HPC frameworks provides the user with both the capability to properly exploit the computational resources of an ever-evolving HPC hardware ecosystem and the required robustness to harness the complexity of modern distributed systems.
Summary
Nowadays simulations for several scientific and engineering fields require both high computing performance and a huge quantity of memory. In order to take advantage of supercomputers' power, one possible key is the parallelisation of the computing by means of adapting the process itself to some of the features of the problems to be solved. For instance, one of the most commonly adopted strategies is the domain decomposition.

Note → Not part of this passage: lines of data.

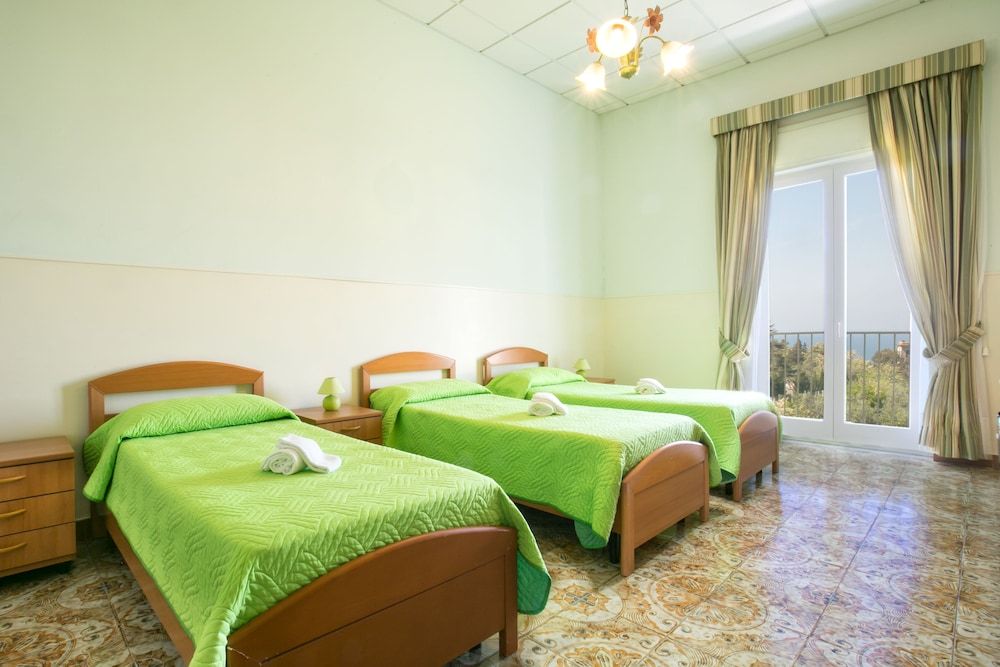 Sisters Hostel Triple Room, Sea View 2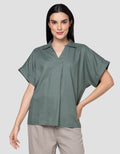Cardinal Girl V-Neck Kemeja Wanita
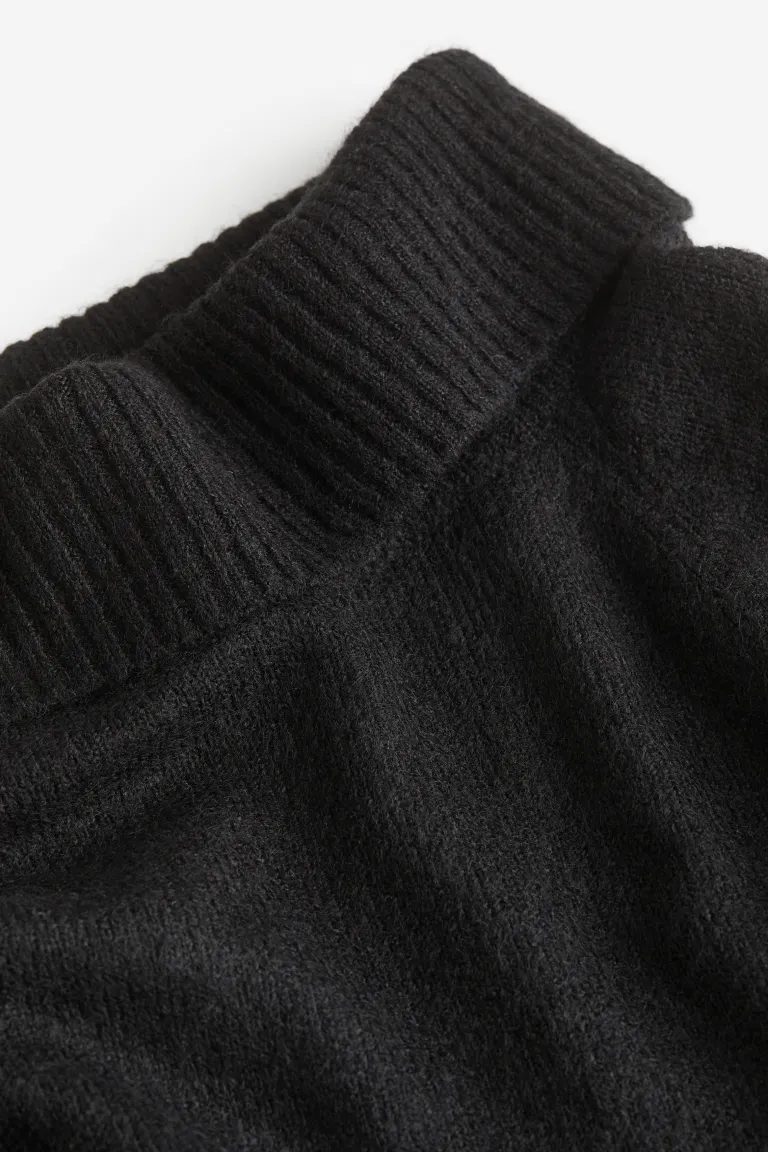 

Свитер с открытыми плечами H&M, черный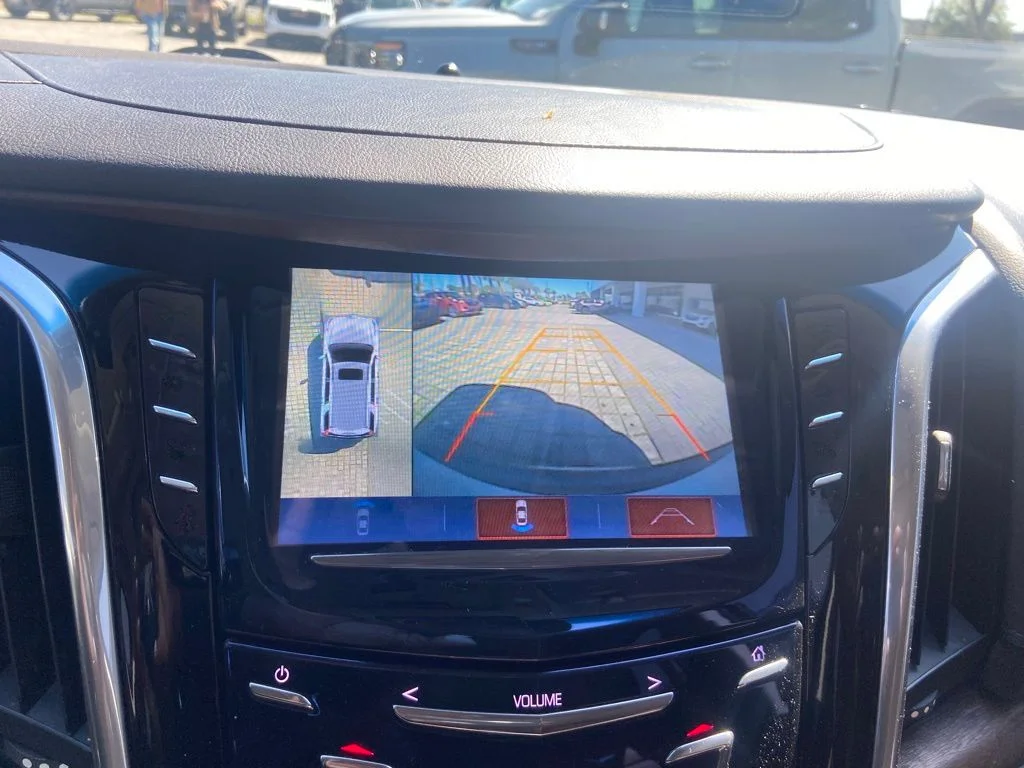 Used 2019 White Cadillac Premium Luxury image 24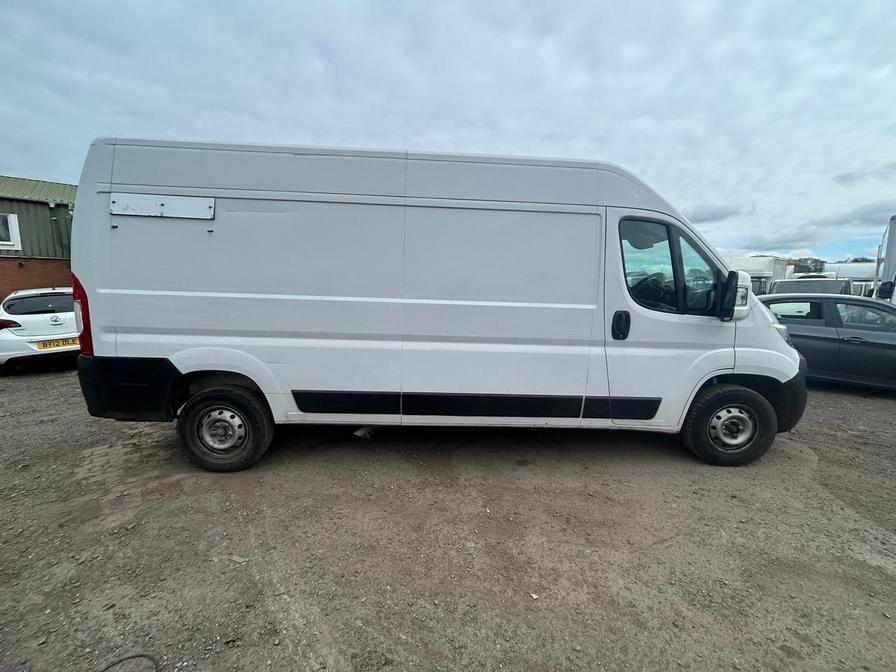2022 Vauxhall Movano – Model: Movano L3H2 F3500 Dynamic TD S/S – CE22VBG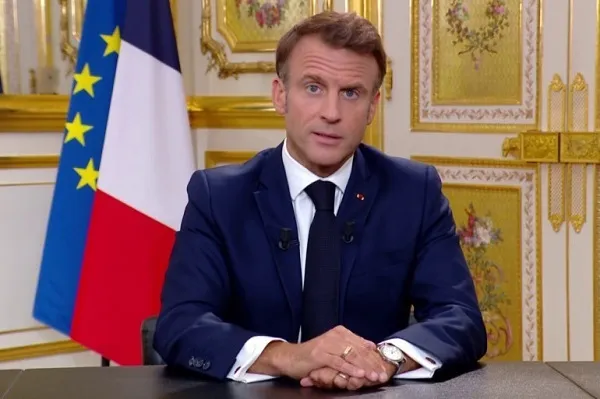 Macron appelle à recenser les fichés radicalisés expulsables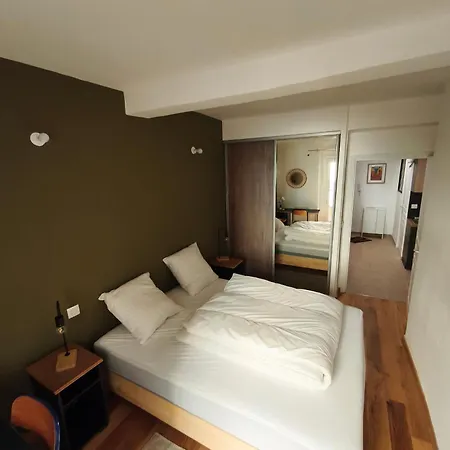 Cozy 50 M2 - Balcony & Air Conditioning! Heart Of Old *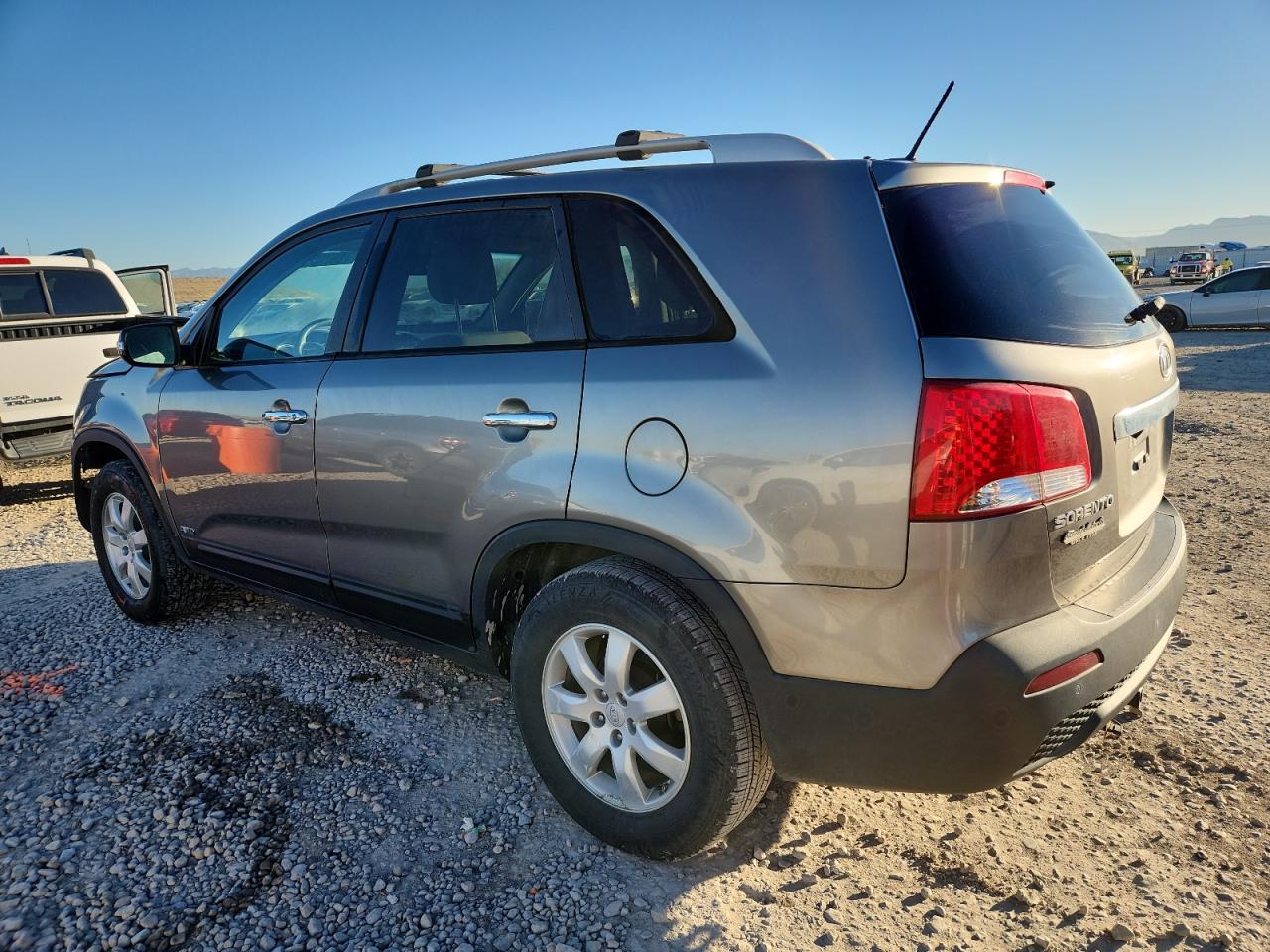 2011 Kia Sorento Lx - Фото 2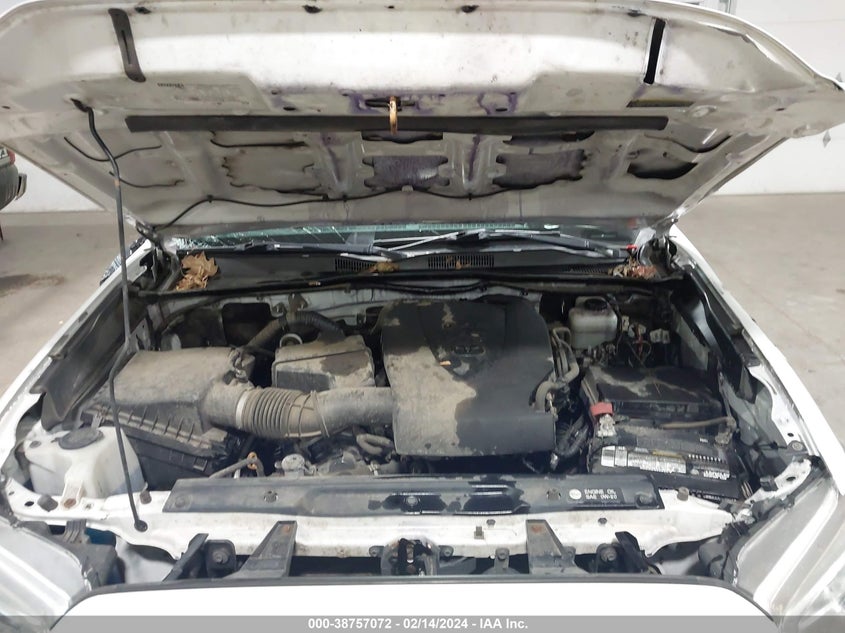 VIN 3TMCZ5AN5HM050847 2017 TOYOTA TACOMA DBL CAB/SR/TRDSPT/OR/PRO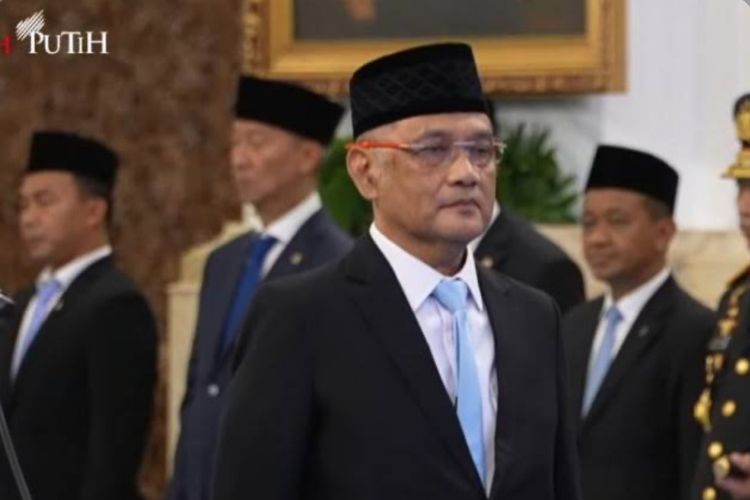 Cucu KH Hasyim Asy’ari Resmi Jabat Menteri Haji Pertama Indonesia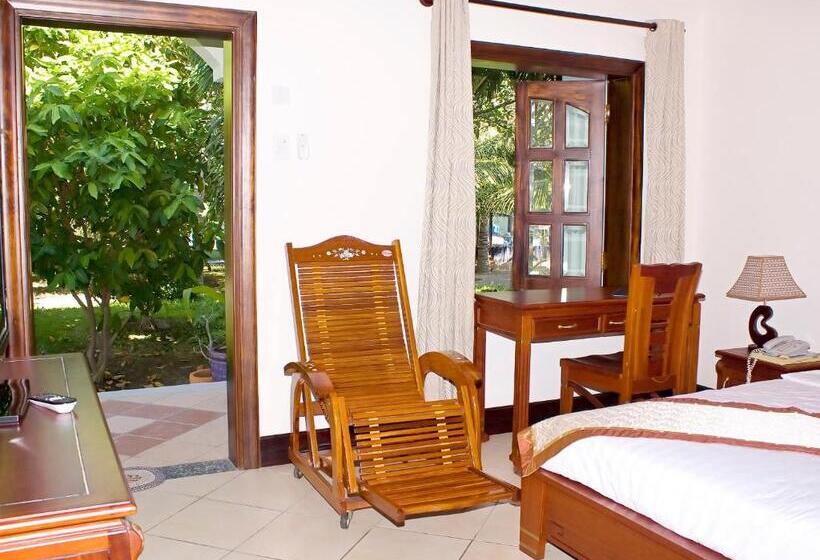سوئیت جونیور با چشم‌انداز باغ, Gold Rooster Resort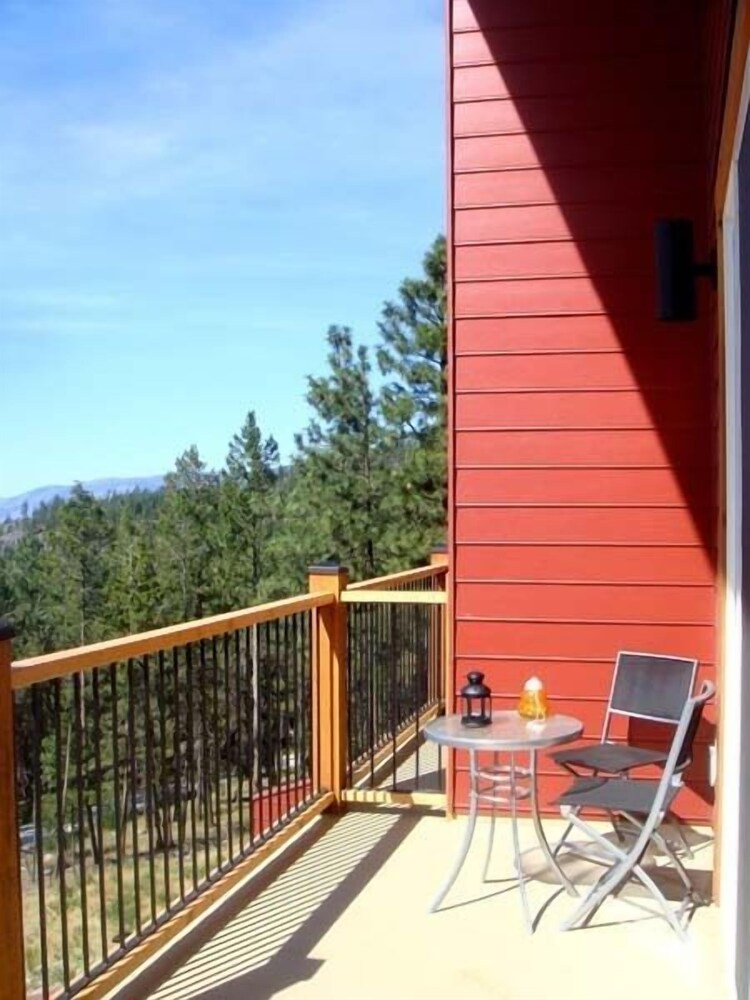 Crooked Tree Guest Suites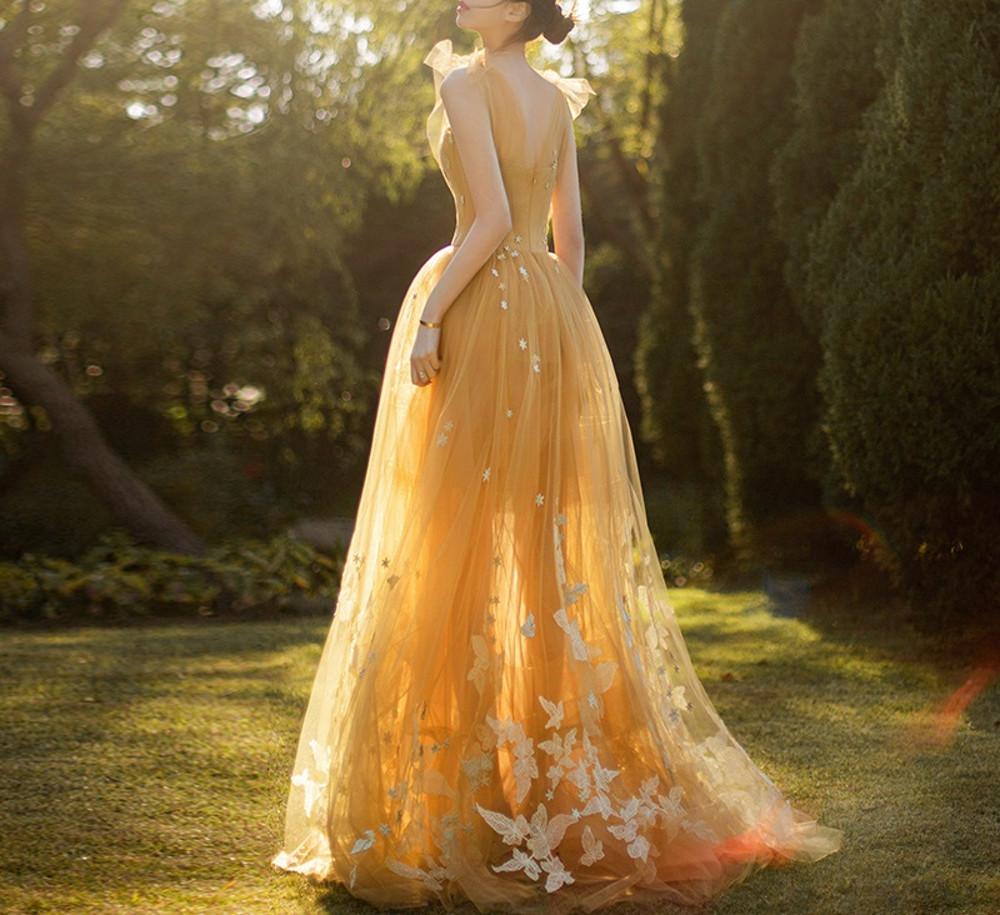 민소매 테마 스튜디오 스냅촬영 셀프웨딩 노란색 노랑드레스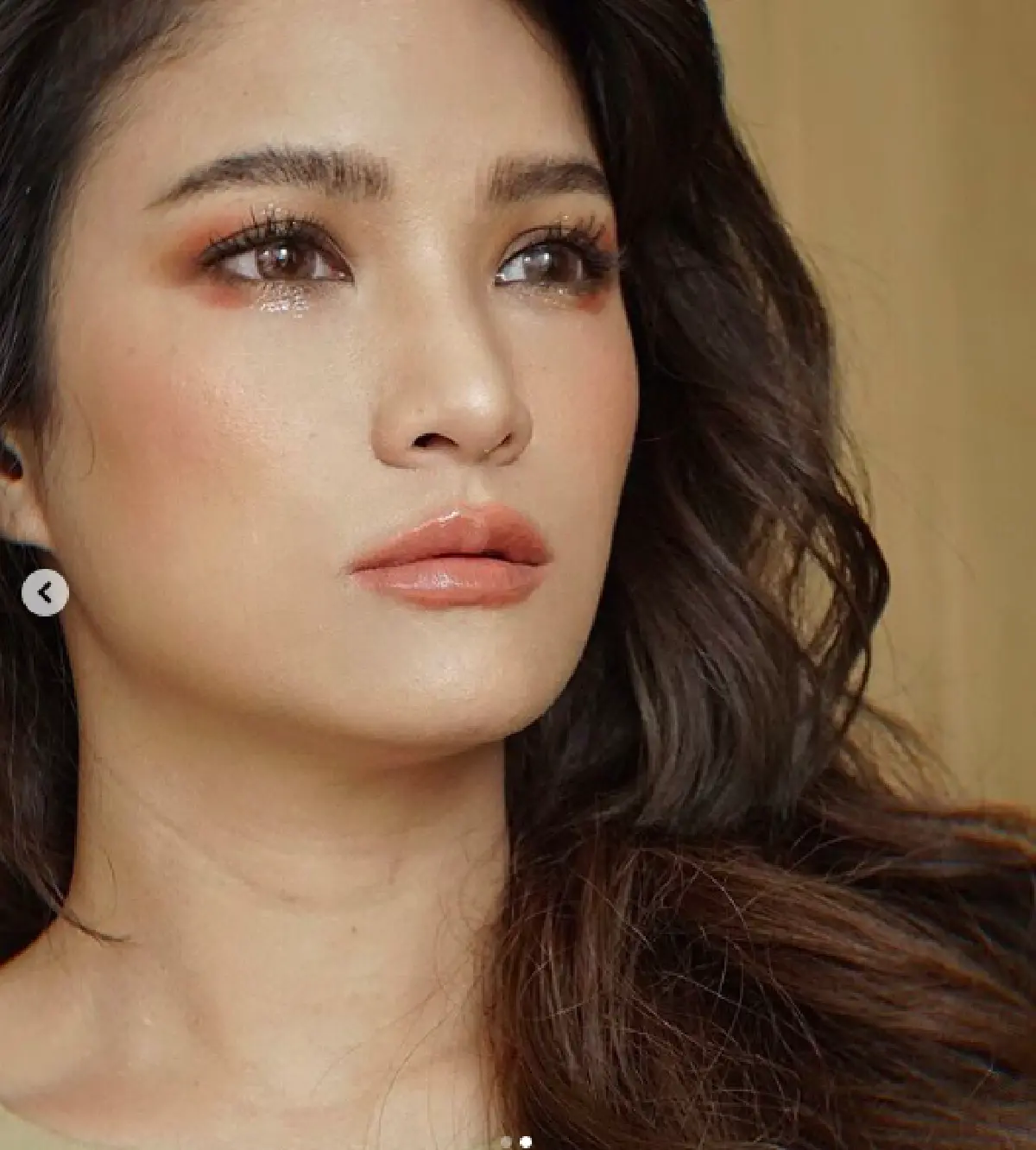 "แพรว คณิตกุล” เปลี่ยนลุคจากสาวติสท์ห้าวๆ มาในลุคสาวสวย ดูแพง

Domain decomposition, which is followed by the framework implementations mentioned below, fits in cases where the data is a description of quantities in an n-dimensional space, like in Finite Difference Methods. This allows us to split the problem into independent subproblems keeping, however, some coupling.
The main objective of HPC frameworks is to efficiently settle such strategies in current HPC architectures. This entails the combining of several approaches, and then the addressing of complexities arising in software design, such as:
- Use protocols such as MPI, building a communication system to deal with coupling needs in distributed memory systems
- Decompose processing over current computing nodes that host accelerators, like GPUs
- Make the most of shared memory systems by building a multithreading system where some threads are task-dedicated to, for example, asynchronous I/O or parallelizing computing blocks, with some interfaces such as OpenMP being aware of specific architecture characteristics (like NUMA) at the same time
We aim always to maintain a certain degree of discipline in order to ease the development and portability of applications.
Currently, two implementations of this kind of framework are in practice: in BSIT, a geophysical imaging system, and WARIS, focused in atmospheric transport modelling.
Objectives
- Develop HPC frameworks to supply structure and functionalities to HPC application sets
- Provide reliability in terms of parallel computing for the development of HPC applications
- Encourage and promote discipline within development, emphasising modularity and reusability, in order to guarantee quality throughout the software development life cycle.